Pillar of Light

BetterLife
Ad 0:
PropellerAds
2022-11-20 00:49:46 (UTC)

People who frown all the time

Lately I noticed people asking me “are you ok?” Like all the time.

This week after chorus rehearsal one of the members came up to me to let me know I look sad while in singing. It was constructive criticism, because part of our performance is also theatrical.
At first I was thinking, I was probably focused on the lyrics and it made me look serious.

Then today I was sitting on my couch ordering groceries, while my toddler was jumping around. All of the sudden I noticed my face expression. Without seeing my reflection, I could feel my sad droopy expression.
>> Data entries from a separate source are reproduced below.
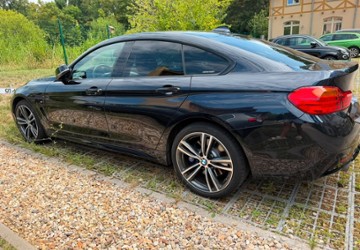 BMW 430 Gran Coupé 101.200 km 25.900 &euro; Leipzig 04229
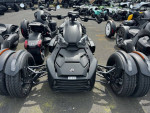 2023 Can-Am Ryker Rotax 900 ACE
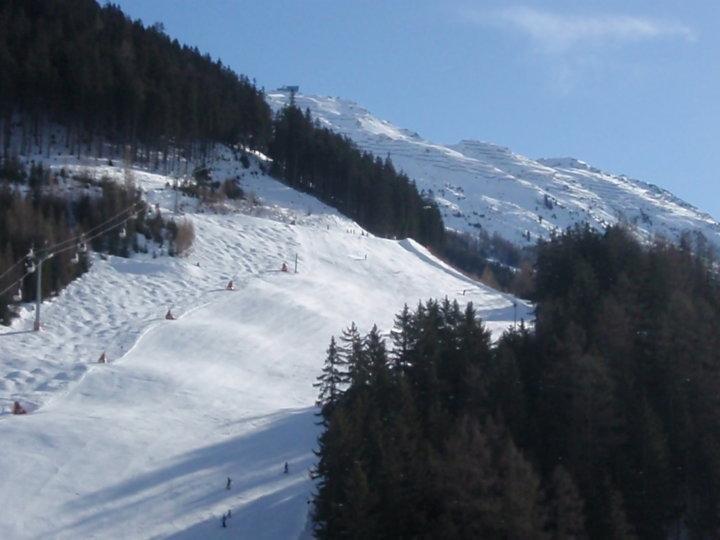 Bed & Breakfast Sonnberg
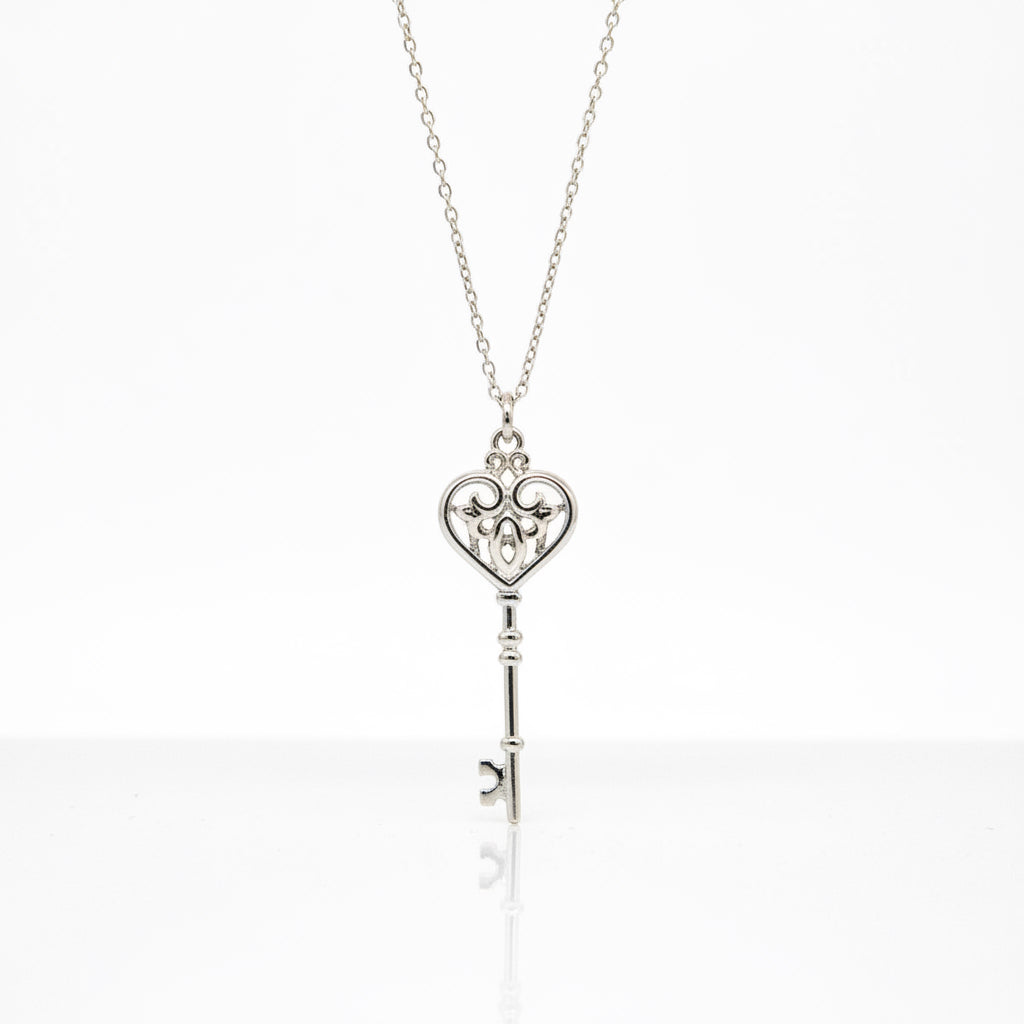 Collier Arôme Clé | Énergie & Guérison | Diffusion en Toute Liberté | Cadeau pour Elle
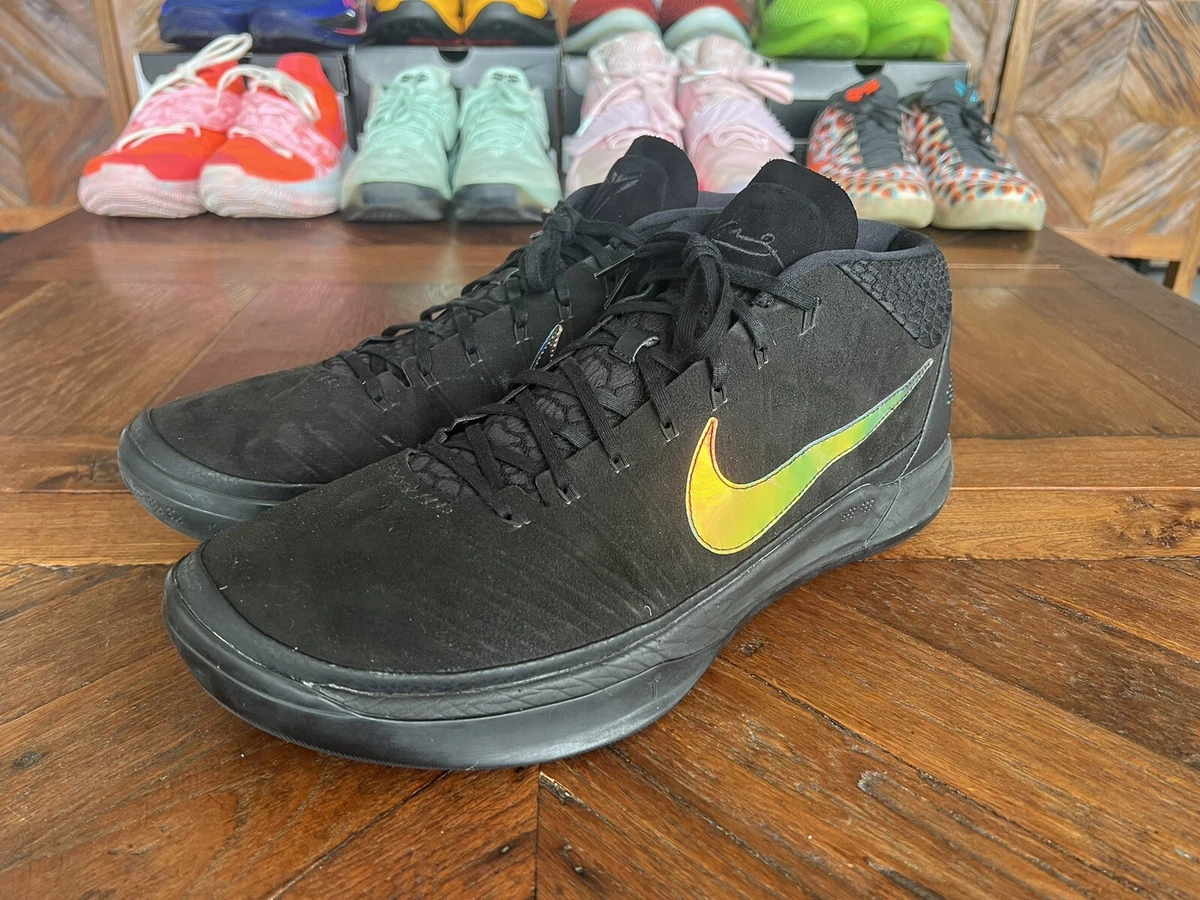 Size 15 Kobe Promo Sample PK80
I thought about how I’ve changed into this person. I was always super smiley, people would comment on how “perky” I am. I would see miserable middle aged women and think “sheesh what happened to her”. Now I’m her.
And I burst into tears with my face in my hands still in front of the computer so my daughter wouldn’t see.

Who is this? This isn’t me!

Memories of all the pain that broke me over the years flashed through my mind; my brother dying, my husband putting me through hell, my mothers lack of acceptance, my fathers rejection, the stress of having majority of the weight of the household on me, feeling like an absolute work horse with no break for years…

When exactly did this happened to me? Will I ever get the old me back or am I far too damaged? Should I seek professional help? Or would it not even help?

The reason I named this journal A BETTER LIFE is with the intent to become a better version of myself. I’m not even close, I feel like I hate myself.